John Carey has been at various points in his life a soldier, a barman, a television 9780199735976critic, a beekeeper, a printmaker, and a professor of literature at Oxford.  He is the Chief Book Reviewer for The Sunday Times in London.  His book, What Good are the Arts? offers a delightfully skeptical look at the claims made on behalf of art.  Carey argues for the value of art as an activity and debunks the idea that art contemplation makes us better people or that judgments about art are anything more than a personal opinion.  In the excerpt below Carey looks at “high art”.

Cultural commentators distinguish ‘high’ art (classical music, ‘serious’ literature, old-master painting, etc.) from mass or popular art, and generally assume its superiority….The metaphor of height is itself curious.  It may originate in bodily shame – ‘high’ art being that which surmounts the ‘low’ physical appetites and addresses the ‘spirit’.  It may also carry connotations of social class – ‘high’ art is that which appeals to the minority whose social rank places them above the struggle for mere survival.  Paradoxically, ‘high’ art is also generally assumed to be ‘deep’.  However, those who use these terms do not invest them with any real meaning.  Advocates of high art take it for granted that the experiences it gives them are intrinsically of more value than low art gives others, although…such a claim is not just unverifiable but meaningless.

The novelist Jeanette Winterson is a good example of a high-art advocate, deriving her ideals from Clive Bell and the Bloomsbury Group.  Like them she scorns realism, and equates art with ‘rapture’ and ‘ecstasy’.  Like them she disdains ‘mass education’.  Her critical writings reveal that she lives in a world of absolutes.  There are ‘true’ artists, like T. S. Eliot, Virginia Woolf and herself, and there are non-artists like Joseph Conrad, whom she contemns as ‘a Pole who prided himself on his impeccable and proper English usage’.  True artists are spiritually superior and also, she implies, socially superior.  They shun ‘the language of shop assistants and tabloids’.  Art is ‘enchantment’, and true artists have ‘the right of spells’.  This is not, it seems, mere whimsy on Winterson’s part.  Her belief that she is surrounded by a magical presence strikes the ordinary observer as barely sane.  ‘I more gingerly’, she confides, ‘around the paintings I own because I know that they are looking at me as closely as I am looking at them.’

The rightness of her own artistic taste is a datum she never questions.  By contrast, she regrets her mother’s low inclinations in cultural matters:

My mother, who was poor, never bought objects, she bought symbols.  She used to save up to buy something hideous to put in the best parlour. What she bought was factory-made and beyond her purse.  If she had ever been able to see it in its own right, she could never have spent money on it.  She couldn’t see it, nor could any of the neighbours dragged to admire it.

The prejudices displayed here are securely traditional, though, of course, still just prejudices.  Distaste for the ‘factory-made’ goes back via the arts and crafts movement to William Morris, and ultimately to Carlyle.  The belief that anything can be seen ‘in its own right’ echoes Matthew Arnold, and ignores the modern understanding that all observations depend on observers.

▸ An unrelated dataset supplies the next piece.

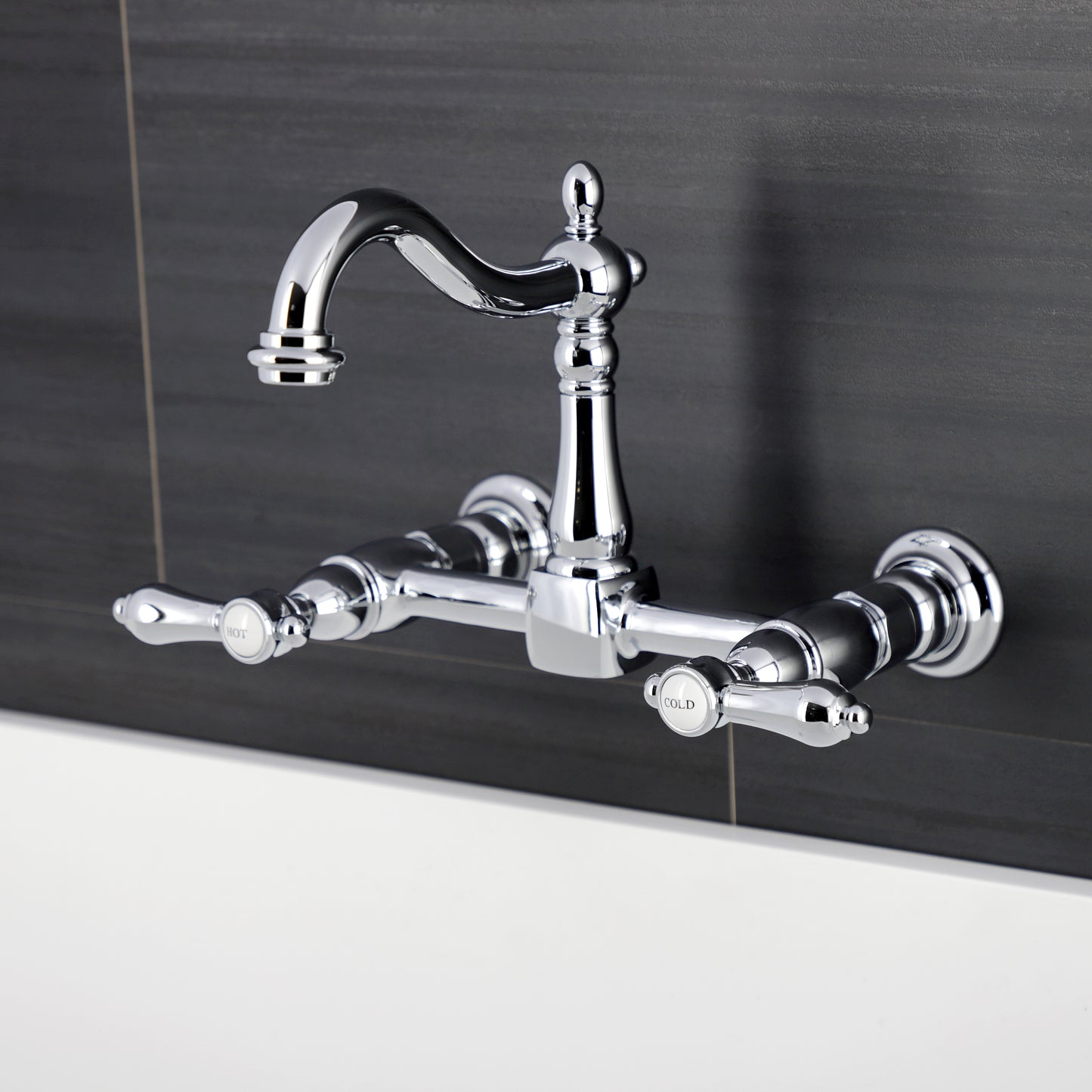 Kingston KS1263BAL Heirloom Two-Handle Wall Mount Bridge Kitchen Faucet, Antique Brass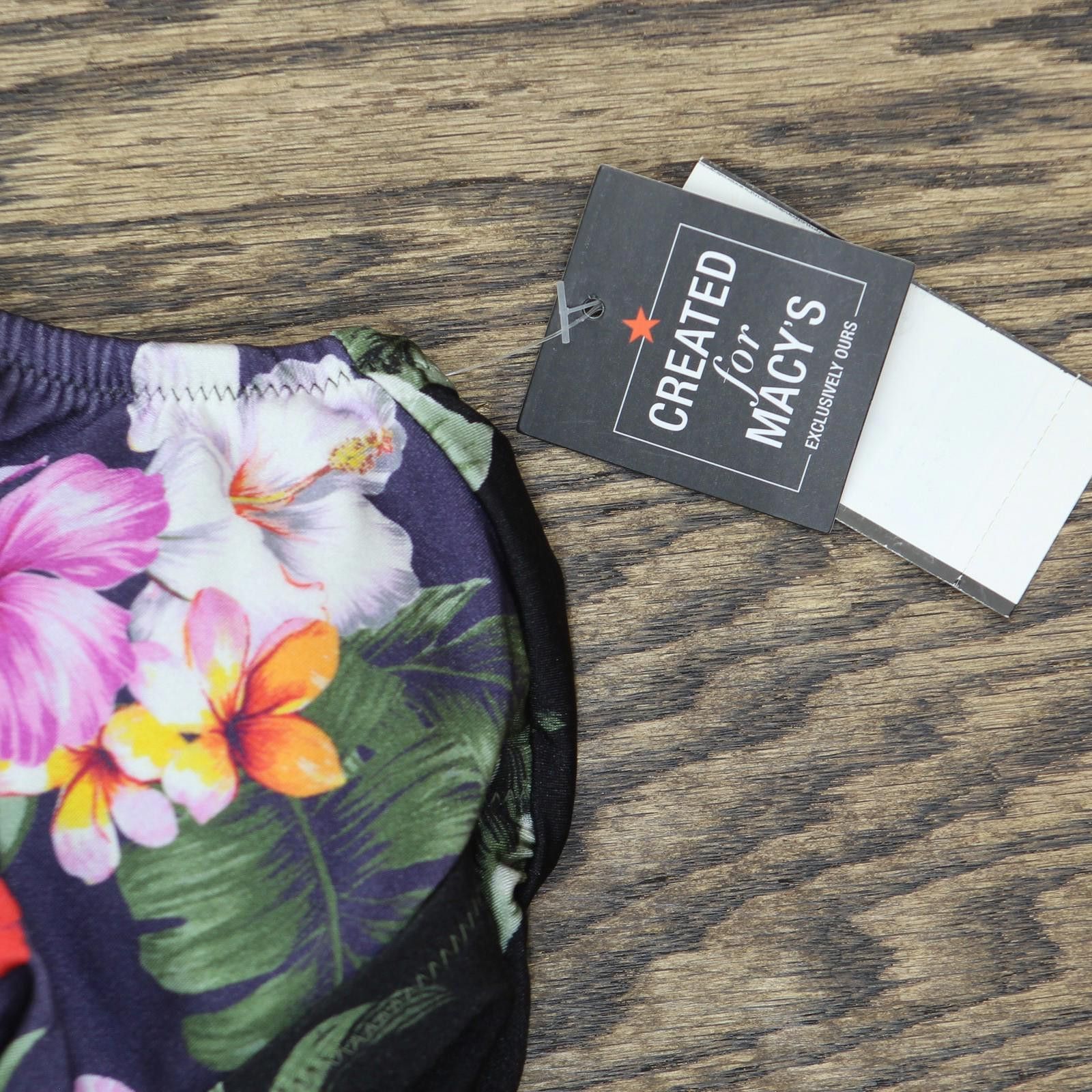 Bar III Nwt Bar Iii Printed Shirred Tankini Swim Top Multi Black Xs Size ONE SIZE - 3 Thumbnail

Why Winterton considers her way of seeing superior she does not divulge, but it is apparent she does, and feels that her mother and her mother’s friends would be better if they were more like her.  Among advocates of high art these are common assumptions.  They think of themselves as leading rich and happy lives, and are sure that if the benighted masses would only share their artistic tastes they would be rich and happy too.  In fact the situation Winterton describes seems to be one that provides satisfaction both to herself and to her mother.  It gives Winterton a reason for feeling superior, which she clearly needs, and it gives her mother a way of sharing pleasure with her friends.  If her mother and friends really became adept at Winterson’s kind of art, then it seems probably that they would enjoy it, since they enjoy sharing.  But Winterson would have to find some new reason for feeling superior.  At all events, the striking omission form her account is any acknowledgment that she is in fact ignorant of the pleasure and satisfaction her mother and friends derive from their kind of art, since their consciousness is inaccessible to her.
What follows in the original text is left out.